Extracted information →
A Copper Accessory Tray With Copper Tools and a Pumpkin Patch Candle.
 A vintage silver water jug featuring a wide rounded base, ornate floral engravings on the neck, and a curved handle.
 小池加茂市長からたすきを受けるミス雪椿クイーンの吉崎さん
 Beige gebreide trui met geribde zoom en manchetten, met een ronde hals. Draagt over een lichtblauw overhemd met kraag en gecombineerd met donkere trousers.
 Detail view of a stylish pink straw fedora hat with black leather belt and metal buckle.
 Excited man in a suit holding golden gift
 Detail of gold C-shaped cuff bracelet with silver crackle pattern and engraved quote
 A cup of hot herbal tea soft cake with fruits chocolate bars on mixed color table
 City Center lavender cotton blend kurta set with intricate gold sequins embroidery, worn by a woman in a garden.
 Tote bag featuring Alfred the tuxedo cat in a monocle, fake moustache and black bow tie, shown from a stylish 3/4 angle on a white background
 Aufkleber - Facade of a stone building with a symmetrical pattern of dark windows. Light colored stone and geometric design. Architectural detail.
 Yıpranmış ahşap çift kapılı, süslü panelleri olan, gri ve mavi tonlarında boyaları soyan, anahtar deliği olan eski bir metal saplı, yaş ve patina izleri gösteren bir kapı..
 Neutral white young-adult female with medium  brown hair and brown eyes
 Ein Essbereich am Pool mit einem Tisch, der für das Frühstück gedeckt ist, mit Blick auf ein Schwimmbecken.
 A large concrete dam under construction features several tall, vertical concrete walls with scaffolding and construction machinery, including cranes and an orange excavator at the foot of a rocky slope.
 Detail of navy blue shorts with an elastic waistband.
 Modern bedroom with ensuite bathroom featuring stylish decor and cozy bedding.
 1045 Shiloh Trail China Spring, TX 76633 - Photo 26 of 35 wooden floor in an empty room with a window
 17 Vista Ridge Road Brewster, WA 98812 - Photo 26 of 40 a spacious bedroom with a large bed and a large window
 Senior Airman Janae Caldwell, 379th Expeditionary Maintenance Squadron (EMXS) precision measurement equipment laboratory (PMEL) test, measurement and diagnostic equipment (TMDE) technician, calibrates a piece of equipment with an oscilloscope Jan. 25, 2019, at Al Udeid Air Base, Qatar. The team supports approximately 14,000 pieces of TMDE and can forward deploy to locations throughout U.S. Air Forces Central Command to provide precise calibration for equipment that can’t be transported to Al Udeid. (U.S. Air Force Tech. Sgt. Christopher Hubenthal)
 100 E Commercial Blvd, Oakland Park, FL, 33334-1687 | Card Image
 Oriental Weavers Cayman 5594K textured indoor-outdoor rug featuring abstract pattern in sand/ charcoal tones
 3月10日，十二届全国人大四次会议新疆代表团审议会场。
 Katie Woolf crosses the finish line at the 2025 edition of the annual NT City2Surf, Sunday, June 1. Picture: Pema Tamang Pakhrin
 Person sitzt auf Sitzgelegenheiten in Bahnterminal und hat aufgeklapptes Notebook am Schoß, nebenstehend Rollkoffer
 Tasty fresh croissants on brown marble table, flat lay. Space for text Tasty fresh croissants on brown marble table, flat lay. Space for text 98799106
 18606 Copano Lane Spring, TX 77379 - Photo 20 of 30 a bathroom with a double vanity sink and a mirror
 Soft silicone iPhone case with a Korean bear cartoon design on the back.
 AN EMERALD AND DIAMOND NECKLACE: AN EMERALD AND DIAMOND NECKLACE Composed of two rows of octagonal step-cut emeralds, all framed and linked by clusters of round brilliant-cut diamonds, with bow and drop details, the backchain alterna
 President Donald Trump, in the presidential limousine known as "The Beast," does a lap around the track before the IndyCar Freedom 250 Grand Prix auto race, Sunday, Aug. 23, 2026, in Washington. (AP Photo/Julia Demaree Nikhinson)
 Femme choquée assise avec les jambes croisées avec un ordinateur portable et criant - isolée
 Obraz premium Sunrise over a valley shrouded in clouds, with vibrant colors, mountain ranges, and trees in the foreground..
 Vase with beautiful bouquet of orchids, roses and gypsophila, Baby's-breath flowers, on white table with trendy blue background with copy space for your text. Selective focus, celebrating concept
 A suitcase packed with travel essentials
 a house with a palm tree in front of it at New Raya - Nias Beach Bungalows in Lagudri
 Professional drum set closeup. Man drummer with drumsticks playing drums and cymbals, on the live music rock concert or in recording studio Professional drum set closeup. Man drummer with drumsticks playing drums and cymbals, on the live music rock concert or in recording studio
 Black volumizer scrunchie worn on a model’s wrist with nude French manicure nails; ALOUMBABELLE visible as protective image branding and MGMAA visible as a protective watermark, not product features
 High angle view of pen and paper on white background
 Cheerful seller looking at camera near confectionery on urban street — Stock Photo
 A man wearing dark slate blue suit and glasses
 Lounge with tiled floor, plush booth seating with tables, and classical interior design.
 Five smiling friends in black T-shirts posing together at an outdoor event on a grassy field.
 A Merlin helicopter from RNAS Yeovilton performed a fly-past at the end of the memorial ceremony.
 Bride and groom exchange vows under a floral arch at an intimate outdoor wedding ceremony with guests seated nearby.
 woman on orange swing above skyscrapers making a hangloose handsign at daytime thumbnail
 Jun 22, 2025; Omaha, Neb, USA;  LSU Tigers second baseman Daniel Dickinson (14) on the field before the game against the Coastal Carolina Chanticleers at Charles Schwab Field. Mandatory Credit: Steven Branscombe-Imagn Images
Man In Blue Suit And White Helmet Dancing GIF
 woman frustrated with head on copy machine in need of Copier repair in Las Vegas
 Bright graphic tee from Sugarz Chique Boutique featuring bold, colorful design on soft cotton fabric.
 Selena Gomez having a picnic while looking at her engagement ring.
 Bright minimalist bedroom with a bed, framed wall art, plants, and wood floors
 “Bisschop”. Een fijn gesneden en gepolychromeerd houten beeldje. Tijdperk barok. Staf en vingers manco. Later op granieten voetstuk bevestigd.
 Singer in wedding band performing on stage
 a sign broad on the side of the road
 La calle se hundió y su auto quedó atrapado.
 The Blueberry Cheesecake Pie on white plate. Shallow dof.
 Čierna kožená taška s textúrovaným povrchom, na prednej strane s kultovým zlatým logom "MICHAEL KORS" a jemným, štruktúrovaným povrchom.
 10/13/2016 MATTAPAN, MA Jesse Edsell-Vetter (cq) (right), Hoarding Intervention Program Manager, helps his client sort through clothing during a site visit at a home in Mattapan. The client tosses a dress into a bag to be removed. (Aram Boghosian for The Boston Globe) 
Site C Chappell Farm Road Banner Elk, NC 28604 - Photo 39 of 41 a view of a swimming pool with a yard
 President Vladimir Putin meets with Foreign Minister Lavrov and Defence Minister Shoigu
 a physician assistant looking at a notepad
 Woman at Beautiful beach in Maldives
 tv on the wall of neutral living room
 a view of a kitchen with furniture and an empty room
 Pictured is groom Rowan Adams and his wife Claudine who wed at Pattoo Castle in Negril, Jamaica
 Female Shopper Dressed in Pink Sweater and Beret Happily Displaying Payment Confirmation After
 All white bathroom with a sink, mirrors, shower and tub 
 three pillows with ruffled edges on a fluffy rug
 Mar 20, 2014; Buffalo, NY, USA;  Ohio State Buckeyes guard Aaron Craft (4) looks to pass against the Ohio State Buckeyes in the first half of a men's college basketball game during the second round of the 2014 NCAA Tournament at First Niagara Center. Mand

What is being asked → Reproduce the lines of the entries above from the one with "City Center lavender" to the one with "Tote bag featuring", both included, exactly and without any other line.

Response area →
 City Center lavender cotton blend kurta set with intricate gold sequins embroidery, worn by a woman in a garden.
 Tote bag featuring Alfred the tuxedo cat in a monocle, fake moustache and black bow tie, shown from a stylish 3/4 angle on a white background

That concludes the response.